*** Available records ***

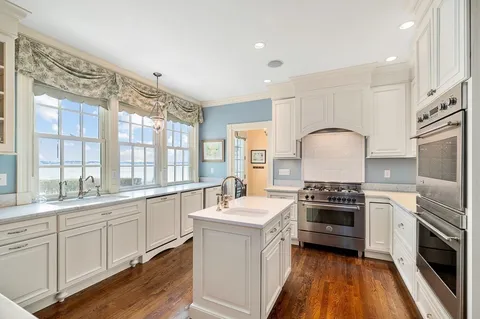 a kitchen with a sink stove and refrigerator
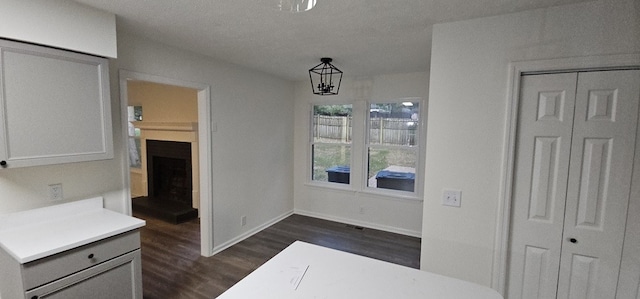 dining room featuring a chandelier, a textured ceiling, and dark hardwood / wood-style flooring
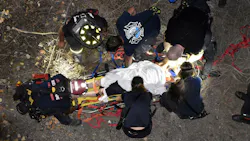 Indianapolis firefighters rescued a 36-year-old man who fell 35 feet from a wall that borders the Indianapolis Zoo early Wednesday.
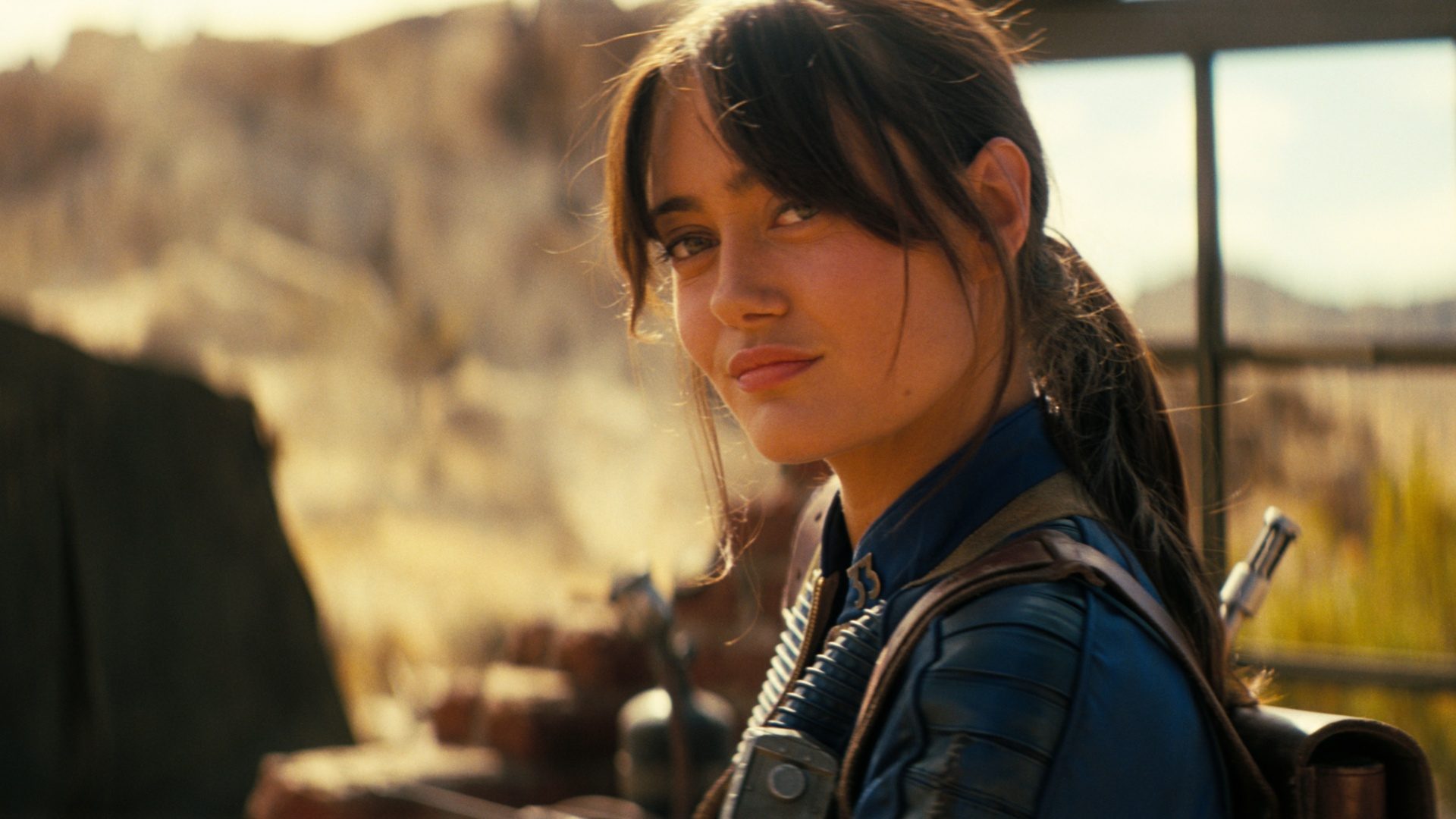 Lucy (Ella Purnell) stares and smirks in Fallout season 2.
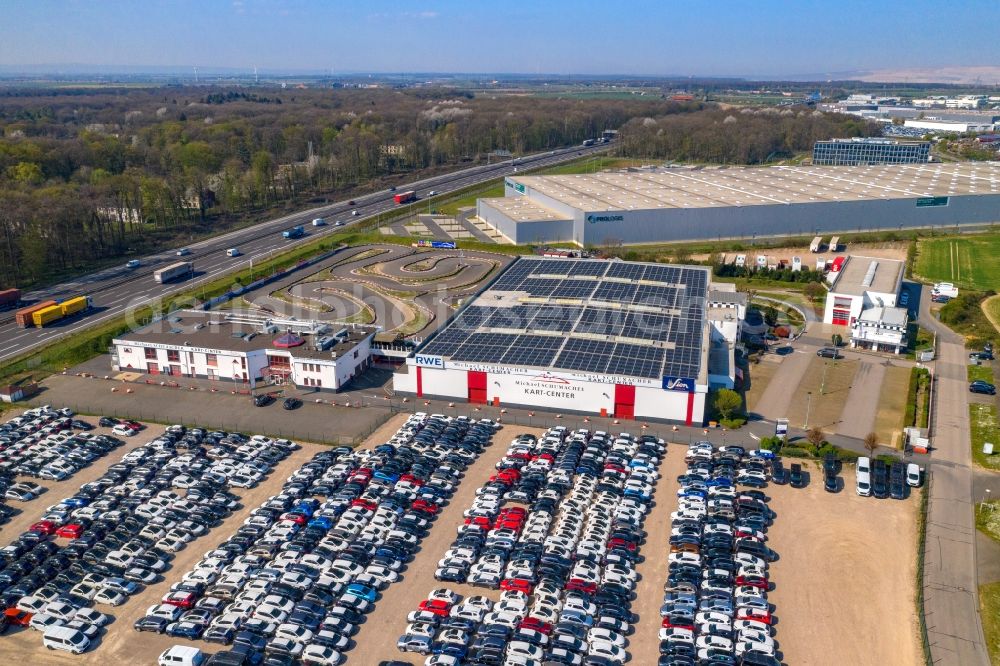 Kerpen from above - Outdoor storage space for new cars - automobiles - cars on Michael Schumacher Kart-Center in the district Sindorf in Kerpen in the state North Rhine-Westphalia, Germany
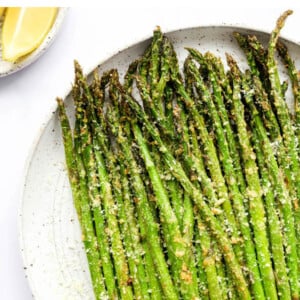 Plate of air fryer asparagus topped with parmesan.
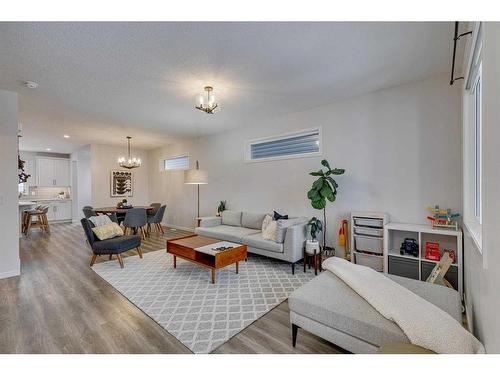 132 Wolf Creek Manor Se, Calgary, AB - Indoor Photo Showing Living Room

*** End of Available records ***

- Task requirements: Repeat the lines of the listing above verbatim, beginning at its first line and ending at the line containing "Lucy (Ella Purnell)", which is included. Omit pictures.

- Answer for the task:
 a kitchen with a sink stove and refrigerator
 dining room featuring a chandelier, a textured ceiling, and dark hardwood / wood-style flooring
 Indianapolis firefighters rescued a 36-year-old man who fell 35 feet from a wall that borders the Indianapolis Zoo early Wednesday.
 Lucy (Ella Purnell) stares and smirks in Fallout season 2.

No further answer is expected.